The IRS generally accepts an Offer in Compromise when the evidence submitted shows that the government will be unlikely to collect the liability in full, and the amount in the offer equals the amount that the IRS believes they can collect from taxpayer equity and disposable monthly income. The IRS is not bound to the amount offer or the terms that are proposed by the taxpayer when they make an offer to settle taxes. IRS Investigators may negotiate a different offer amount in different terms. This is where an experienced Tax Attorney who understands how the IRS works is an asset to taxpayers. This is a complex negotiation, because the IRS knows the Tax Code and often taxpayers are often inexperienced. Working with a New York State Tax Attorney allows the taxpayer to have someone help them who is experienced and understanding of the Offer in Compromise Program.
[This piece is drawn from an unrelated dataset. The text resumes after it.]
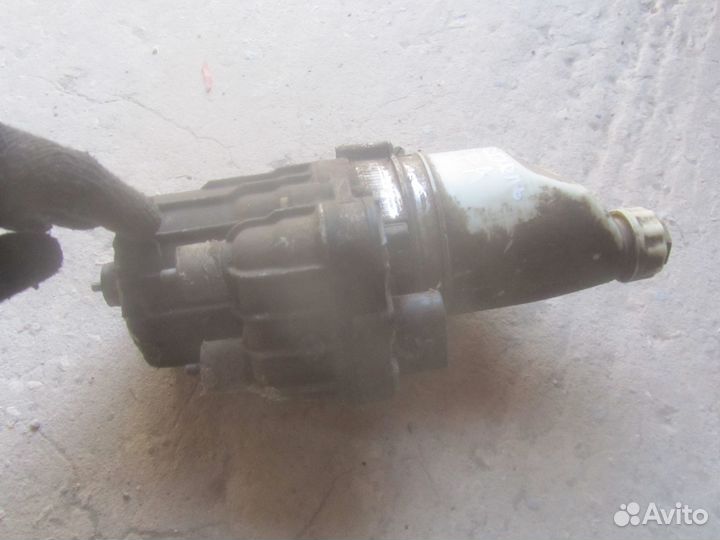 Насос гур opel astra h 1.7 cdti 13192897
If your offer is accepted, you must meet requirements, and continue making payments. The taxpayer must file all required tax returns, any refunds due within the calendar year are applied to the tax debt, Federal tax liens stay in place until the offer terms are paid off, and the taxpayer should understand that some information is available for review by the public. The IRS also expects that the taxpayer will no longer be delinquent and will comply with all tax laws. If the taxpayer does not follow the terms of the Offer in Compromise, the IRS can determine that the Offer in Compromise is in default. When in default, the offer is no longer in effect and the IRS can then collect the amount originally owed, as well as interest and penalties.
If an offer is rejected by the IRS, the taxpayer is notified by mail. The letter will explain why the IRS rejected the offer, and you may appeal the rejection within 30 days using a Request for Appeal of Offer. Having an experienced Tax Attorney can help you understand the process of the Offer in Compromises program and help resolve your tax liabilities.